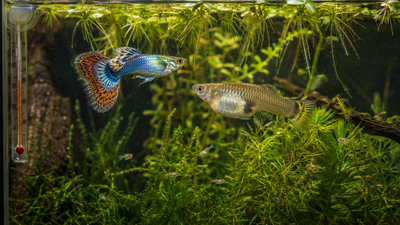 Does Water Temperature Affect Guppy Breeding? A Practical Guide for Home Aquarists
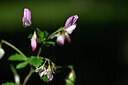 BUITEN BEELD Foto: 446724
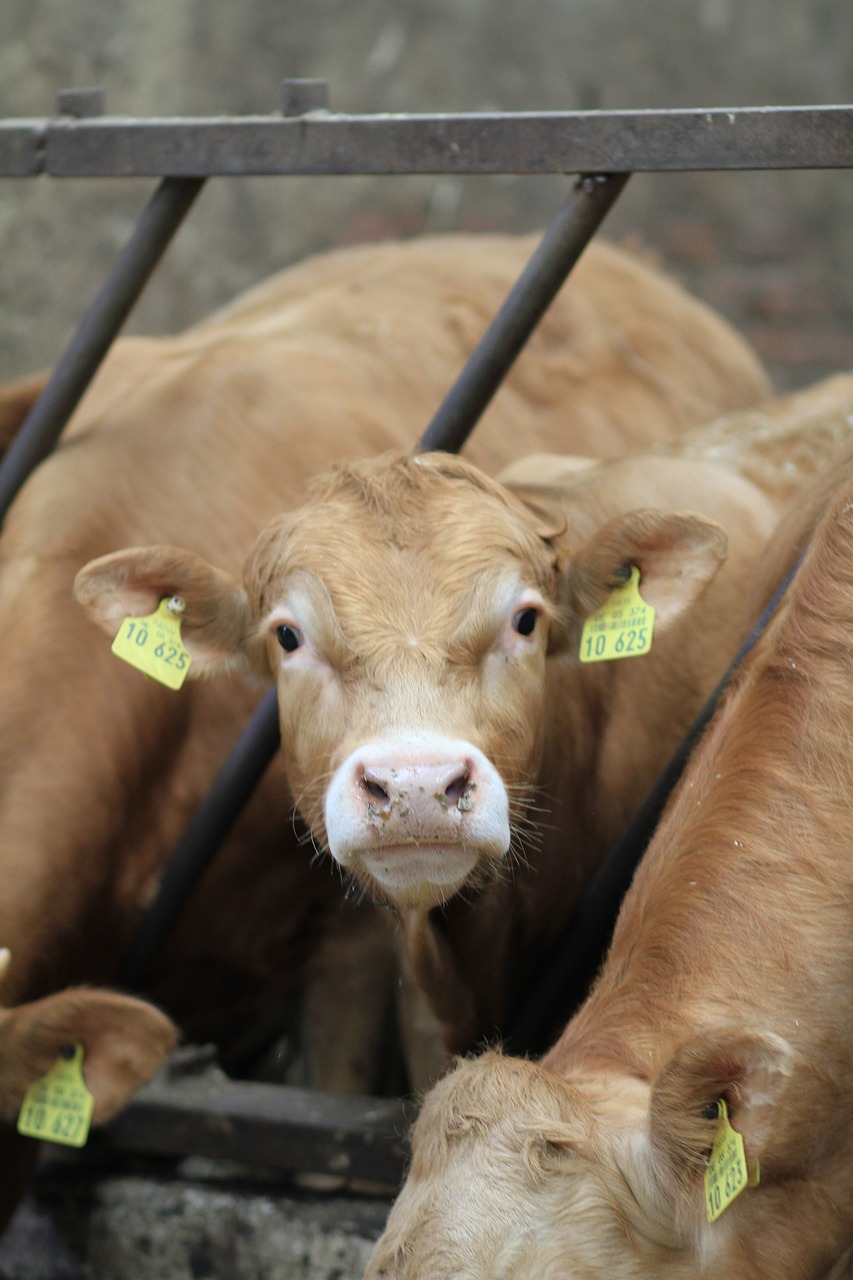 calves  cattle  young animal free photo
+++
# [Exercise brief]
Exclude every picture, then reproduce the remaining data character for character.

# [Written response]
 Does Water Temperature Affect Guppy Breeding? A Practical Guide for Home Aquarists
 BUITEN BEELD Foto: 446724
 calves  cattle  young animal free photo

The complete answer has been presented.